## Instructions for the task
Reproduce exactly the lines of this material that begin at the line with "Maxima Lubricants 70-749203" and end at the line with "inbox admin", both included. Omit the pictures and everything else.

## Data to process
----
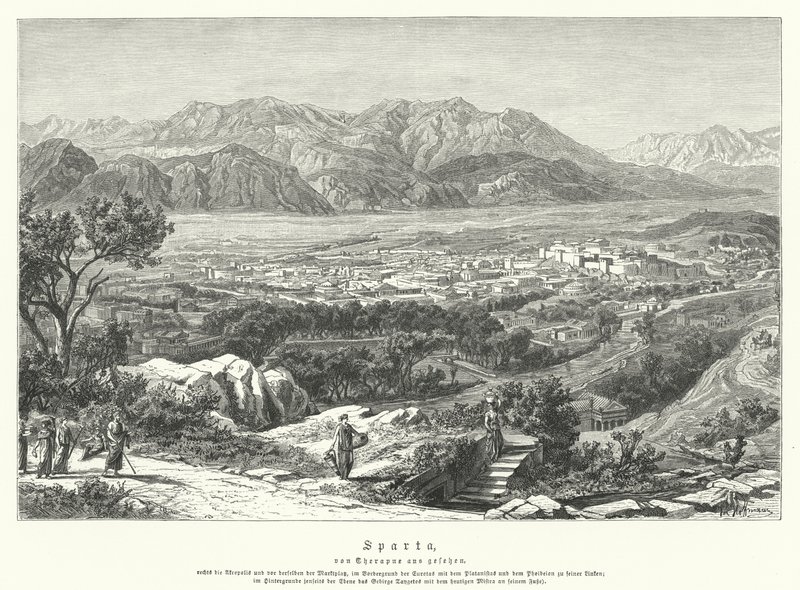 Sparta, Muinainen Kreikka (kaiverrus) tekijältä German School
----
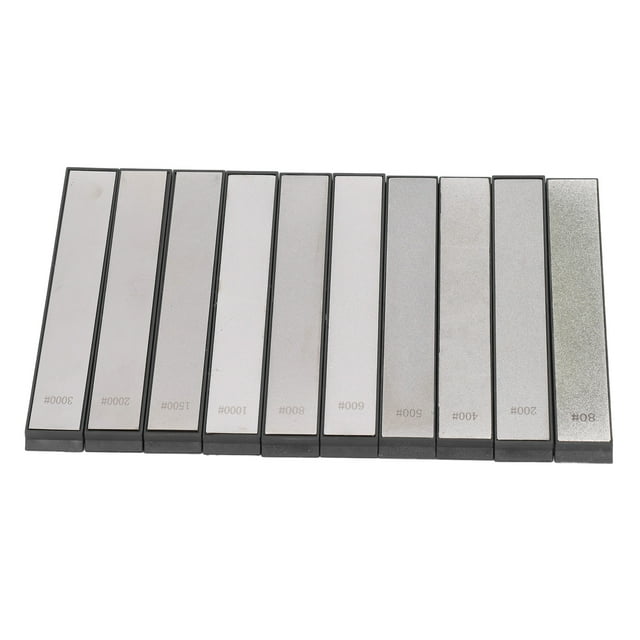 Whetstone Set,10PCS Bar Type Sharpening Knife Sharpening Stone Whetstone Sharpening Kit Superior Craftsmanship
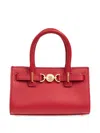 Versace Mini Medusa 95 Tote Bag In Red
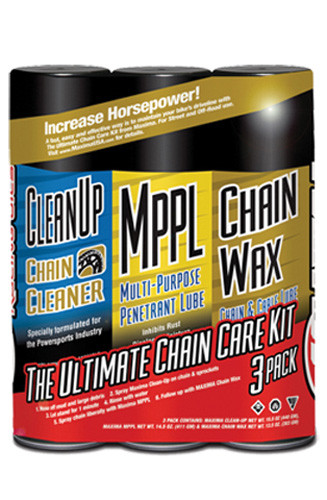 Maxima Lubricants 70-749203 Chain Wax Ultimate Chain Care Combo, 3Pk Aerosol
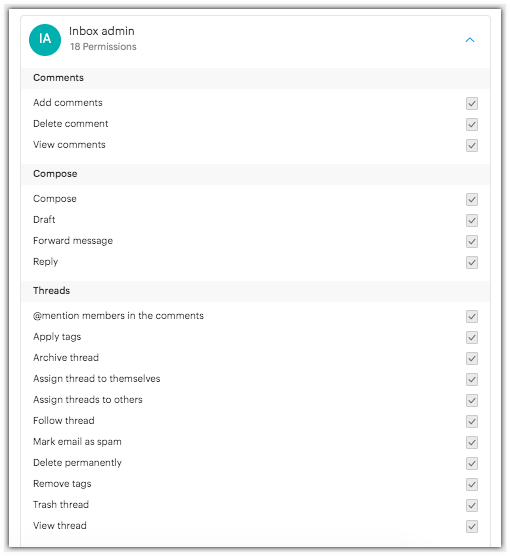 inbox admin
----
## Result of this exercise
 Maxima Lubricants 70-749203 Chain Wax Ultimate Chain Care Combo, 3Pk Aerosol
 inbox admin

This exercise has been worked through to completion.